What the exercise asks> Print the records exactly as given.

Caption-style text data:
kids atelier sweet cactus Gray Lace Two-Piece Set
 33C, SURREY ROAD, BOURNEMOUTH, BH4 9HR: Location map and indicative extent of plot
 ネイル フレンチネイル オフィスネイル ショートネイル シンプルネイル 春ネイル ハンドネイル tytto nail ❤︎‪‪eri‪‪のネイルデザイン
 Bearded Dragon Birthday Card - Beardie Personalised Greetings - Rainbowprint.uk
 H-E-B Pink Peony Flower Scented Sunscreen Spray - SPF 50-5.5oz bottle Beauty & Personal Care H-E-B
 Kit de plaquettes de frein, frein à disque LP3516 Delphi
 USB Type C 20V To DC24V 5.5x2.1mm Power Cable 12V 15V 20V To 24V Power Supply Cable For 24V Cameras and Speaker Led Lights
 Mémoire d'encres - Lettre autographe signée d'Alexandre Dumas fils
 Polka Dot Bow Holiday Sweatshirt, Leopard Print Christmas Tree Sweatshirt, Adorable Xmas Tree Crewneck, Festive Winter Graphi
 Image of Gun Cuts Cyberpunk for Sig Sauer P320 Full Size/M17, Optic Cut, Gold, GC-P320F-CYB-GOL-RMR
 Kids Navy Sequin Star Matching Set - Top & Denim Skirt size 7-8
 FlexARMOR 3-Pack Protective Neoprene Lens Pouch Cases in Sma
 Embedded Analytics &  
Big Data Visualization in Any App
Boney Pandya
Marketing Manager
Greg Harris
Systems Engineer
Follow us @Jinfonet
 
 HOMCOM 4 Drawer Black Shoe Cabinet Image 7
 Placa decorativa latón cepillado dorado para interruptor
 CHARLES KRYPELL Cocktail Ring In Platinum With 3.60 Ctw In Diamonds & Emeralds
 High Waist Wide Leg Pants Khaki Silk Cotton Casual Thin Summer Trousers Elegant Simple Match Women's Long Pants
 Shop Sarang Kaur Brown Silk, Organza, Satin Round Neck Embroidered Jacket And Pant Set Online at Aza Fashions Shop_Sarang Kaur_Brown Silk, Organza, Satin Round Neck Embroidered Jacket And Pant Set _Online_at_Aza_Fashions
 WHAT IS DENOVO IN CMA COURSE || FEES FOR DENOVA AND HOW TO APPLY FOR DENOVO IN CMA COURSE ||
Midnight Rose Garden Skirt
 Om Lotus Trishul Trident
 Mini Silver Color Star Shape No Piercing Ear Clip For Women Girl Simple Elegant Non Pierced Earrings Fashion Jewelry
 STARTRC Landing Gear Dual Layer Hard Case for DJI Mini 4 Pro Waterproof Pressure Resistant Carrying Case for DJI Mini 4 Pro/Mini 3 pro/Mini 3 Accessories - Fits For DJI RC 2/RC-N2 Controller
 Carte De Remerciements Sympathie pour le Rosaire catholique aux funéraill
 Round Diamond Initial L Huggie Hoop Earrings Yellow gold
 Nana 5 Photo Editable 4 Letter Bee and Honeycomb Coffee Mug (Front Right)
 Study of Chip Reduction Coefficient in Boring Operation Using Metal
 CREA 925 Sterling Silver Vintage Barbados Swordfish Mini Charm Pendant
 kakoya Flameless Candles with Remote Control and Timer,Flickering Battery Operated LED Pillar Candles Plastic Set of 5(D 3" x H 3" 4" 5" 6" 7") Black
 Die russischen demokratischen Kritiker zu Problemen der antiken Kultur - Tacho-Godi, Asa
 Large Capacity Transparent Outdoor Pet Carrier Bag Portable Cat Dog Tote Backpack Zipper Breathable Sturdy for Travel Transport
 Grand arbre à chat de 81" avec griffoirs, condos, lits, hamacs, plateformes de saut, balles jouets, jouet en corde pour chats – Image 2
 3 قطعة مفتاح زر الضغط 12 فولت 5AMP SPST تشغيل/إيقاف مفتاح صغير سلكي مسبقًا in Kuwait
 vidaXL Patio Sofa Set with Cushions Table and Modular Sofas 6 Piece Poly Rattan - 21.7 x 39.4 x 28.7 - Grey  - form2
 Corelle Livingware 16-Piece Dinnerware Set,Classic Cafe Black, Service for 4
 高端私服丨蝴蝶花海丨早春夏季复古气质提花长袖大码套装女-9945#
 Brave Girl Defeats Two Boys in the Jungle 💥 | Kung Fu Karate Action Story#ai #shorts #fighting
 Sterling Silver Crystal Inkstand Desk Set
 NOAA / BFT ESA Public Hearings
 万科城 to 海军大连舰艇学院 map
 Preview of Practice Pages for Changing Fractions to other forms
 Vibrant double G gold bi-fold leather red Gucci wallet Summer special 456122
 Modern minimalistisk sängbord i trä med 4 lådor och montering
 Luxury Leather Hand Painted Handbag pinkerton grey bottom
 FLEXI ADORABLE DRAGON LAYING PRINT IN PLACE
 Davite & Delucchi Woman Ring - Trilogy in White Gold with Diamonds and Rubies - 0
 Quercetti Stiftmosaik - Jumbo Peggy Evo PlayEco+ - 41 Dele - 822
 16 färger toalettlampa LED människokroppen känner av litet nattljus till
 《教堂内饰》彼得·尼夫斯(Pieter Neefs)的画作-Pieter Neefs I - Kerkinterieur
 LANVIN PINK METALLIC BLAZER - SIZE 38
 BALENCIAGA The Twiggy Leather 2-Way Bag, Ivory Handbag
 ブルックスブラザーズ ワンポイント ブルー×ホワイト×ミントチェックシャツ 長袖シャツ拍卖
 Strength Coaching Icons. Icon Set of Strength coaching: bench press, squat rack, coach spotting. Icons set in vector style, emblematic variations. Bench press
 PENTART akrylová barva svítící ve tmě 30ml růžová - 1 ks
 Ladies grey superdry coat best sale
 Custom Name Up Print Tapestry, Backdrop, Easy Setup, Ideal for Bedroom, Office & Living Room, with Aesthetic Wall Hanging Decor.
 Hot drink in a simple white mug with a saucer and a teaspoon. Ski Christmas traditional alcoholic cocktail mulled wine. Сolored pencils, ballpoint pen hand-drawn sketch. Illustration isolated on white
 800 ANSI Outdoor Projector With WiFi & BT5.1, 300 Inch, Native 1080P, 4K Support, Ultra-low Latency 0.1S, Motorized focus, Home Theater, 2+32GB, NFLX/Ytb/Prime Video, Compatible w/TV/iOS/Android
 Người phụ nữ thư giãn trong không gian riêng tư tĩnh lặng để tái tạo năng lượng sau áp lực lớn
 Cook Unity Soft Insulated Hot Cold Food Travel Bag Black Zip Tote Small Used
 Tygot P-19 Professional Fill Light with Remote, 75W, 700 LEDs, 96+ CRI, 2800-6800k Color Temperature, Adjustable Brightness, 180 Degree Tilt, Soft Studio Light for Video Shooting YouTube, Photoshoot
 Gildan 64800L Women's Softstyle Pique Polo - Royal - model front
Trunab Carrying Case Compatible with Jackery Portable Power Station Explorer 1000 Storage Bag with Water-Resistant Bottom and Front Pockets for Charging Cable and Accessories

Answer to this problem>
kids atelier sweet cactus Gray Lace Two-Piece Set
 33C, SURREY ROAD, BOURNEMOUTH, BH4 9HR: Location map and indicative extent of plot
 ネイル フレンチネイル オフィスネイル ショートネイル シンプルネイル 春ネイル ハンドネイル tytto nail ❤︎‪‪eri‪‪のネイルデザイン
 Bearded Dragon Birthday Card - Beardie Personalised Greetings - Rainbowprint.uk
 H-E-B Pink Peony Flower Scented Sunscreen Spray - SPF 50-5.5oz bottle Beauty & Personal Care H-E-B
 Kit de plaquettes de frein, frein à disque LP3516 Delphi
 USB Type C 20V To DC24V 5.5x2.1mm Power Cable 12V 15V 20V To 24V Power Supply Cable For 24V Cameras and Speaker Led Lights
 Mémoire d'encres - Lettre autographe signée d'Alexandre Dumas fils
 Polka Dot Bow Holiday Sweatshirt, Leopard Print Christmas Tree Sweatshirt, Adorable Xmas Tree Crewneck, Festive Winter Graphi
 Image of Gun Cuts Cyberpunk for Sig Sauer P320 Full Size/M17, Optic Cut, Gold, GC-P320F-CYB-GOL-RMR
 Kids Navy Sequin Star Matching Set - Top & Denim Skirt size 7-8
 FlexARMOR 3-Pack Protective Neoprene Lens Pouch Cases in Sma
 Embedded Analytics &  
Big Data Visualization in Any App
Boney Pandya
Marketing Manager
Greg Harris
Systems Engineer
Follow us @Jinfonet
 
 HOMCOM 4 Drawer Black Shoe Cabinet Image 7
 Placa decorativa latón cepillado dorado para interruptor
 CHARLES KRYPELL Cocktail Ring In Platinum With 3.60 Ctw In Diamonds & Emeralds
 High Waist Wide Leg Pants Khaki Silk Cotton Casual Thin Summer Trousers Elegant Simple Match Women's Long Pants
 Shop Sarang Kaur Brown Silk, Organza, Satin Round Neck Embroidered Jacket And Pant Set Online at Aza Fashions Shop_Sarang Kaur_Brown Silk, Organza, Satin Round Neck Embroidered Jacket And Pant Set _Online_at_Aza_Fashions
 WHAT IS DENOVO IN CMA COURSE || FEES FOR DENOVA AND HOW TO APPLY FOR DENOVO IN CMA COURSE ||
Midnight Rose Garden Skirt
 Om Lotus Trishul Trident
 Mini Silver Color Star Shape No Piercing Ear Clip For Women Girl Simple Elegant Non Pierced Earrings Fashion Jewelry
 STARTRC Landing Gear Dual Layer Hard Case for DJI Mini 4 Pro Waterproof Pressure Resistant Carrying Case for DJI Mini 4 Pro/Mini 3 pro/Mini 3 Accessories - Fits For DJI RC 2/RC-N2 Controller
 Carte De Remerciements Sympathie pour le Rosaire catholique aux funéraill
 Round Diamond Initial L Huggie Hoop Earrings Yellow gold
 Nana 5 Photo Editable 4 Letter Bee and Honeycomb Coffee Mug (Front Right)
 Study of Chip Reduction Coefficient in Boring Operation Using Metal
 CREA 925 Sterling Silver Vintage Barbados Swordfish Mini Charm Pendant
 kakoya Flameless Candles with Remote Control and Timer,Flickering Battery Operated LED Pillar Candles Plastic Set of 5(D 3" x H 3" 4" 5" 6" 7") Black
 Die russischen demokratischen Kritiker zu Problemen der antiken Kultur - Tacho-Godi, Asa
 Large Capacity Transparent Outdoor Pet Carrier Bag Portable Cat Dog Tote Backpack Zipper Breathable Sturdy for Travel Transport
 Grand arbre à chat de 81" avec griffoirs, condos, lits, hamacs, plateformes de saut, balles jouets, jouet en corde pour chats – Image 2
 3 قطعة مفتاح زر الضغط 12 فولت 5AMP SPST تشغيل/إيقاف مفتاح صغير سلكي مسبقًا in Kuwait
 vidaXL Patio Sofa Set with Cushions Table and Modular Sofas 6 Piece Poly Rattan - 21.7 x 39.4 x 28.7 - Grey  - form2
 Corelle Livingware 16-Piece Dinnerware Set,Classic Cafe Black, Service for 4
 高端私服丨蝴蝶花海丨早春夏季复古气质提花长袖大码套装女-9945#
 Brave Girl Defeats Two Boys in the Jungle 💥 | Kung Fu Karate Action Story#ai #shorts #fighting
 Sterling Silver Crystal Inkstand Desk Set
 NOAA / BFT ESA Public Hearings
 万科城 to 海军大连舰艇学院 map
 Preview of Practice Pages for Changing Fractions to other forms
 Vibrant double G gold bi-fold leather red Gucci wallet Summer special 456122
 Modern minimalistisk sängbord i trä med 4 lådor och montering
 Luxury Leather Hand Painted Handbag pinkerton grey bottom
 FLEXI ADORABLE DRAGON LAYING PRINT IN PLACE
 Davite & Delucchi Woman Ring - Trilogy in White Gold with Diamonds and Rubies - 0
 Quercetti Stiftmosaik - Jumbo Peggy Evo PlayEco+ - 41 Dele - 822
 16 färger toalettlampa LED människokroppen känner av litet nattljus till
 《教堂内饰》彼得·尼夫斯(Pieter Neefs)的画作-Pieter Neefs I - Kerkinterieur
 LANVIN PINK METALLIC BLAZER - SIZE 38
 BALENCIAGA The Twiggy Leather 2-Way Bag, Ivory Handbag
 ブルックスブラザーズ ワンポイント ブルー×ホワイト×ミントチェックシャツ 長袖シャツ拍卖
 Strength Coaching Icons. Icon Set of Strength coaching: bench press, squat rack, coach spotting. Icons set in vector style, emblematic variations. Bench press
 PENTART akrylová barva svítící ve tmě 30ml růžová - 1 ks
 Ladies grey superdry coat best sale
 Custom Name Up Print Tapestry, Backdrop, Easy Setup, Ideal for Bedroom, Office & Living Room, with Aesthetic Wall Hanging Decor.
 Hot drink in a simple white mug with a saucer and a teaspoon. Ski Christmas traditional alcoholic cocktail mulled wine. Сolored pencils, ballpoint pen hand-drawn sketch. Illustration isolated on white
 800 ANSI Outdoor Projector With WiFi & BT5.1, 300 Inch, Native 1080P, 4K Support, Ultra-low Latency 0.1S, Motorized focus, Home Theater, 2+32GB, NFLX/Ytb/Prime Video, Compatible w/TV/iOS/Android
 Người phụ nữ thư giãn trong không gian riêng tư tĩnh lặng để tái tạo năng lượng sau áp lực lớn
 Cook Unity Soft Insulated Hot Cold Food Travel Bag Black Zip Tote Small Used
 Tygot P-19 Professional Fill Light with Remote, 75W, 700 LEDs, 96+ CRI, 2800-6800k Color Temperature, Adjustable Brightness, 180 Degree Tilt, Soft Studio Light for Video Shooting YouTube, Photoshoot
 Gildan 64800L Women's Softstyle Pique Polo - Royal - model front
Trunab Carrying Case Compatible with Jackery Portable Power Station Explorer 1000 Storage Bag with Water-Resistant Bottom and Front Pockets for Charging Cable and Accessories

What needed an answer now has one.